It rocks! It actually rocks. Big time.

Ok, so I was a little surprised because adapting School of Rock to the stage was a big ask. Just getting the right cast for a start. Who else could play sloppy rockstar wannabe Dewey Finn but Jack Black who nailed it in the 2003 movie hit.

Er, Brent Hill, that’s who! He’s so good in fact, he won the 2019 Helpmann Award for best actor during the show’s successful run in Melbourne.

And what about the kids? Where do you find three casts of children, under 12, who can act, dance and sing, with some able to play instruments along the way? Live. No “Cut! Let’s do that scene again because you dropped your drumstick” chances. This is live on stage at Sydney’s Capitol Theatre. Somehow, casting director Natalie Gilhome pulled that off too.

Then there’s the sticking point of Andrew Lloyd Webber, the household name we associate with Evita, Phantom of the Opera, Cats, and Sunset Boulevard, and a host of unremarkable others. While he included original hits of the movie, he added 14 more. What would he know about rock, or indeed heavy metal? Think back, all the way to Jesus Christ Superstar (1970), and that memorable scene with the moneylenders. Andrew has been known to dabble.
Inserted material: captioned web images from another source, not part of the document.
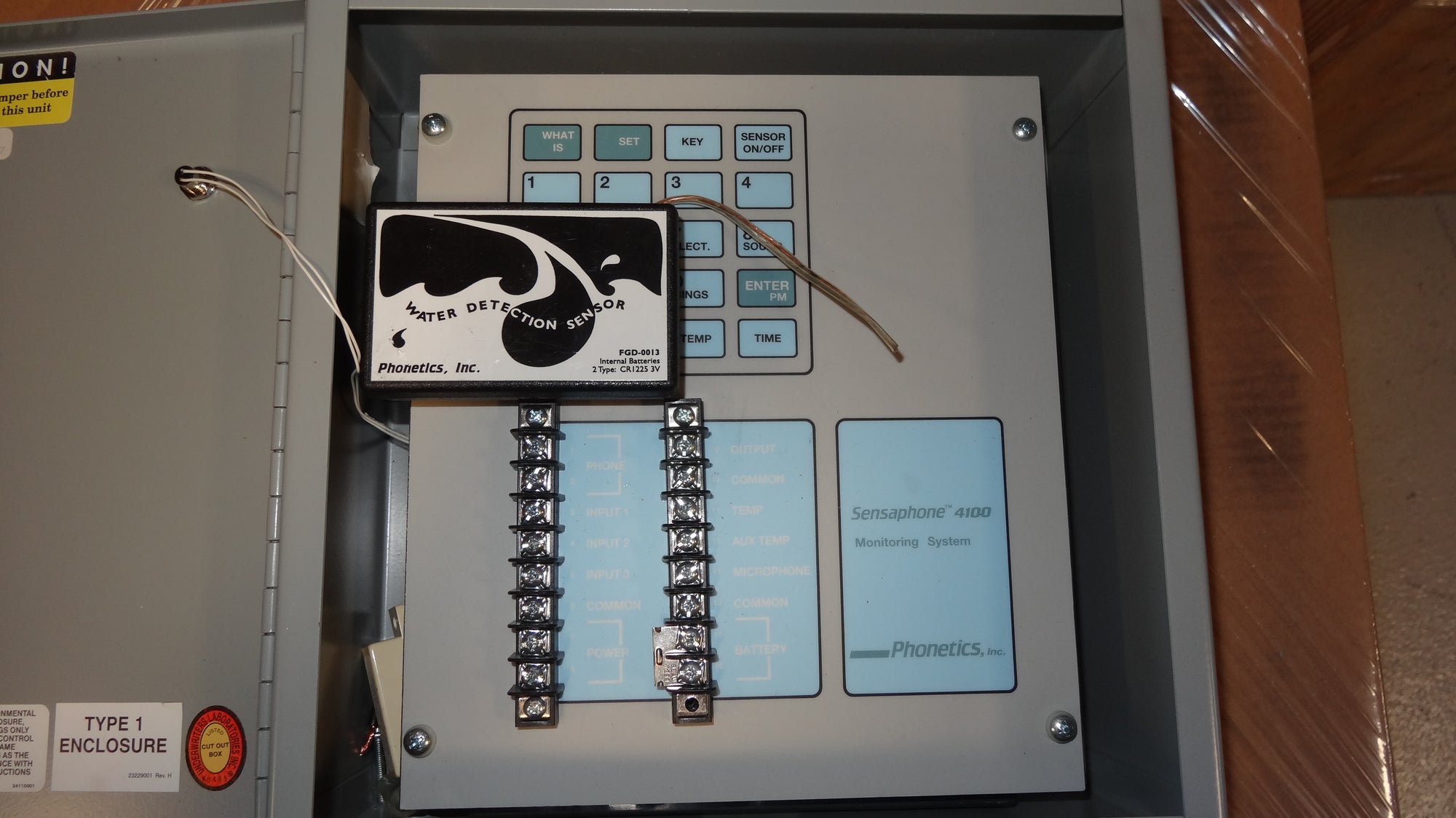 Phonetics Sensaphone 4100 Monitoring System with Water Detection FGD-0013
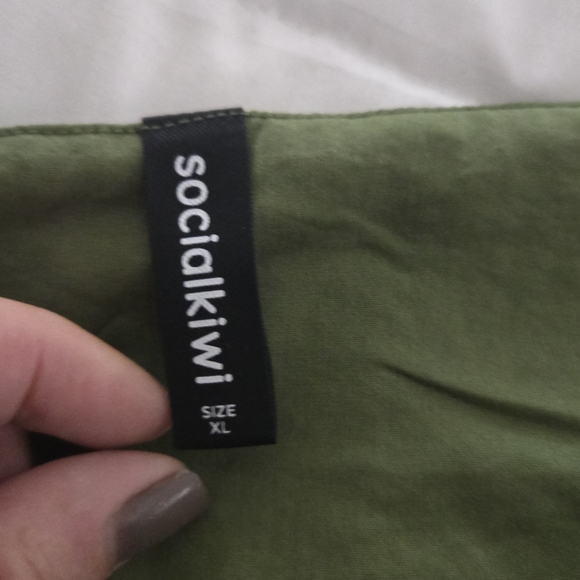💚 2/$12 or 3/$17  Socialkiwi Green Shorts Set with White Trim - Picture 3 of 4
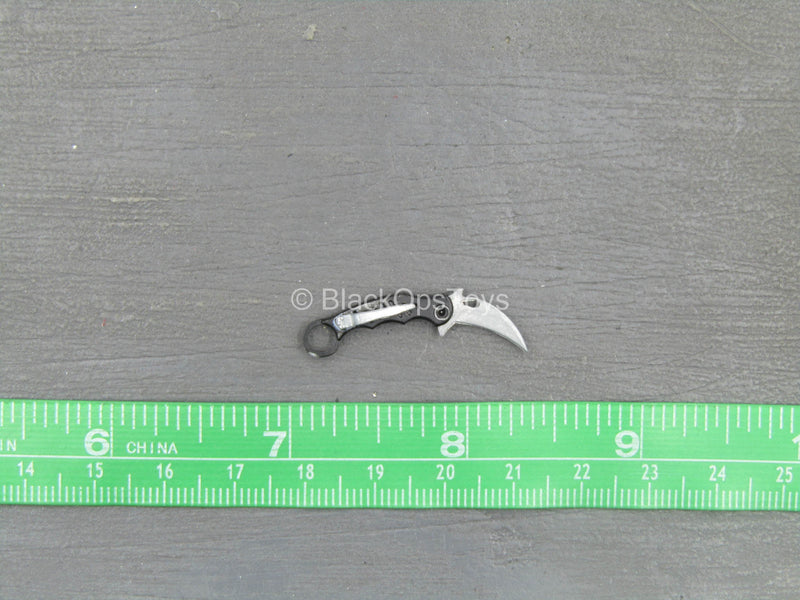 Load image into Gallery viewer, Wolf Warrior - Metal Karambit Knife
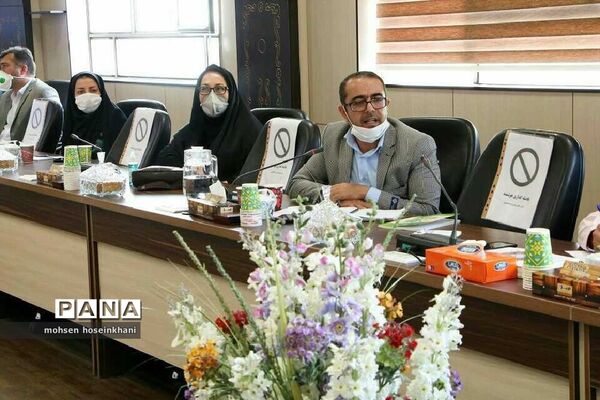 نشست هم‌اندیشی کارکنان حوزه پرورشی با مدیرکل آموزش و پرورش قروین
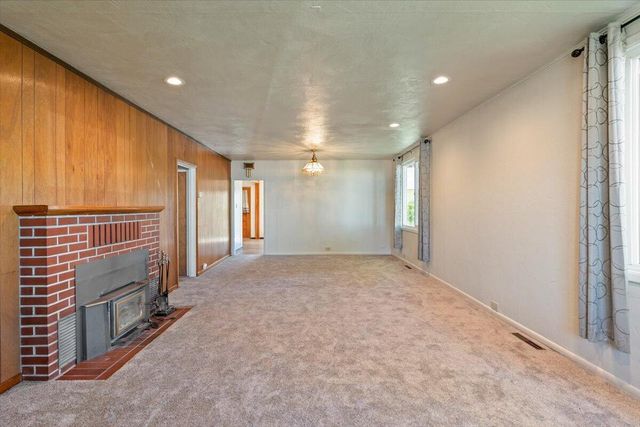 545 Main Street, Weed, CA 96094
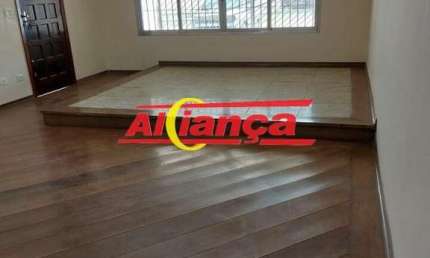 Sobrado com 4 quartos 1 Suíte para alugar,  155m² - Jd Vila Galvão Guarulhos/SP Por R$ 3.750,00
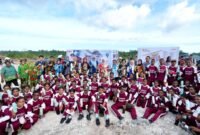 Ketua Umum Tim Penggerak Pemberdayaan dan Kesejahteraan Keluarga (TP PKK) Tri Tito Karnavian menyalurkan bantuan bagi siswa dan guru Sekolah Rakyat di Kabupaten Biak Numfor, Papua, Senin (3/8/2026).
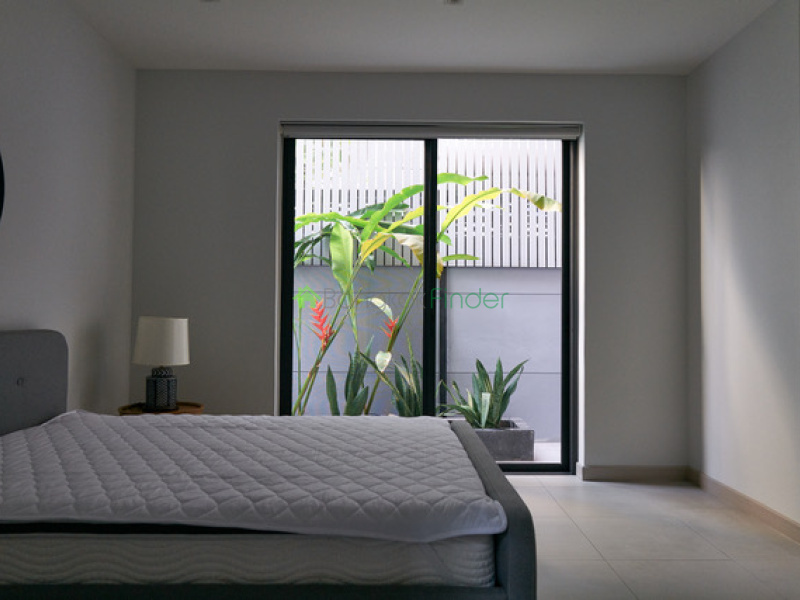Phromphong, Bangkok, Thailand, 3 Bedroom Bedrooms, 0 ,4 BathroomBathrooms,House,For Rent,7907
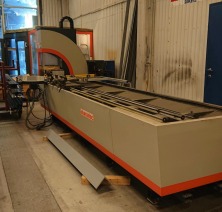 CENTRUM OBRÓBCZE ELUMATEC SBZ 122 /10 ROK 2004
School of Rock centres on failed rock musician, Dewey, thrown out of the band he founded and passing himself off as his mate Ned Schneebly (John O’Hara) to score a job as a substitute teacher at the prestigious Horace Green, a school based on traditions, serenity and toil, run by a very repressed Principal Mullins (Amy Lehpamer). Sure, predictability follows as Dewey purges his young geeks of ‘crapola’ and races to get them ready to compete in the Battle of the Bands. None of that matters when there are surprises at every turn as the children evolve from serious nerds, armed with expectations limited to achieving academically, to mad-as-hell rockers spewing attitude you could chew on.

School of Rock
Amy Leparmer is the formidable Principal Mullins

The show is a little slow to start but as soon as Hill’s ridiculous energy and outrageous personality bursts into play, you’re dragged helplessly into Dewey’s web of lies and into the lives of children whose extraordinary talents deserve to be uncovered. So much fun!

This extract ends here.